The authors build their thesis on the premise that humans and machines, operating on different conceptual frameworks, require a shared language for effective communication. This communication problem necessitates the creation of neologisms to bridge these gaps. The paper emphasizes that successful neologisms strike the right balance between abstraction and detail, allowing them to be reusable across contexts without losing specificity.

To substantiate their argument, the authors provide proof of concept through the introduction of two neologisms: a "length neologism" and a "diversity neologism." These were designed to enable control over LLM response length and variability, showing that these neologisms can guide the behavior of LLMs in a manner aligned with human intentions.

Implications and Speculations on Future Developments

The proposal to use neologisms to facilitate AI interpretability and control carries significant implications. On a practical level, it could lead to more user-friendly interfaces between AI systems and end-users, making AI systems more accessible and easier to control without extensive technical intervention. Who develops the neologisms and how they are integrated into systems could become a critical aspect of AI development and usage.

From a theoretical perspective, the notion of neologisms challenges researchers to rethink the framework of AI interpretability. It shifts the focus from retrofitting human concepts onto AI systems to proactively shaping a shared language. This perspective aligns with more cooperative interactions between human and machine agencies. The creation of a hybrid lexicon could even facilitate general advancements in fields like natural language processing and machine learning interpretability tools, as it demands insights into how both entities conceptualize their environments.

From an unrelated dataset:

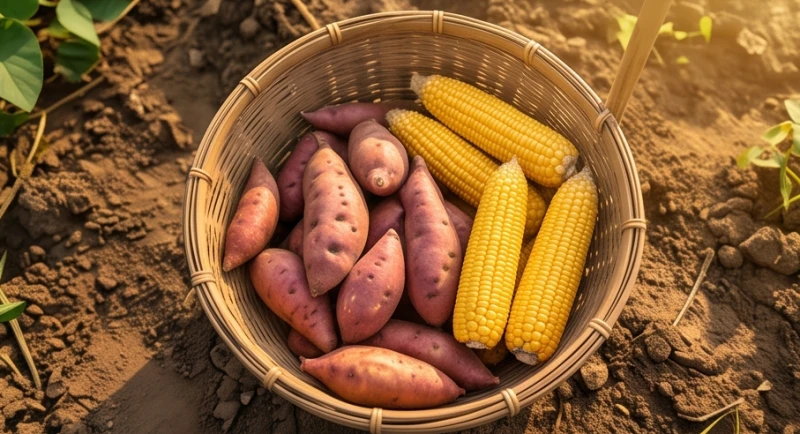 Những củ khoai lang to tròn và bắp ngô vàng ươm vừa được thu hoạch xếp trên giỏ tre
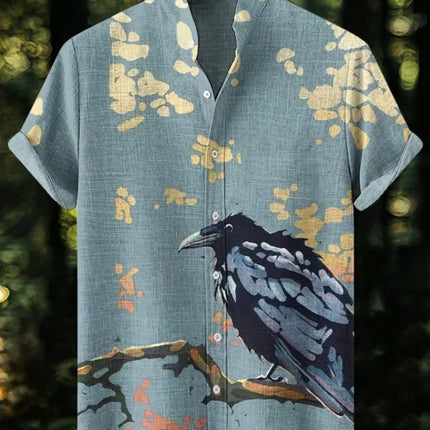 Men's Japanese Retro Art Black Cat Print Shirt Short Sleeve Stand up Collar Single Breasted Casual Linen Top for Vacation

Looking to the future, this proposal could push the development of AI towards systems that not only respond to but also contribute to the evolution of human languages. Such a dynamic would require models to not just translate but actively engage in conceptual exchange, expanding their utility in collaborative environments further. It also opens questions around the governance and ethical considerations of who controls the formation and usage of these neologisms.

Numerical and Conceptual Highlights

The paper cautiously presents its numerical results, particularly in the context of the length and diversity neologisms. While it refrains from grand claims, the authors provide convincing evidence through controlled experiments illustrating improved model behavior. For instance, the implementation of the length neologism consistently resulted in significantly longer responses where desired, indicating an effective modulation of model output predicated on human instruction.

In terms of bold conceptual claims, the authors assert that this approach could effectively counteract inherent biases in AI development, particularly confirmation bias and anthropomorphism. The framing insists on the necessity of acknowledging and operationalizing the differences between human and machine understanding—a crucial step ignored or glossed over in many traditional interpretability efforts.

Conclusion

The notion of developing neologisms for AI interpretability and control represents a novel pathway in addressing the conceptual disparities between human users and AI systems. By seeking to create a joint human-machine lexicon, the research opens up new avenues for improving the functionality and applicability of AI in complex, real-world contexts. While still in exploratory phases, the impact of such a framework could redefine how we approach AI development, bridging human creativity and precision with machine learning capabilities. As AI systems continue to evolve, embracing such innovative approaches will be crucial to harnessing their full potential while ensuring ethical and user-focused integration.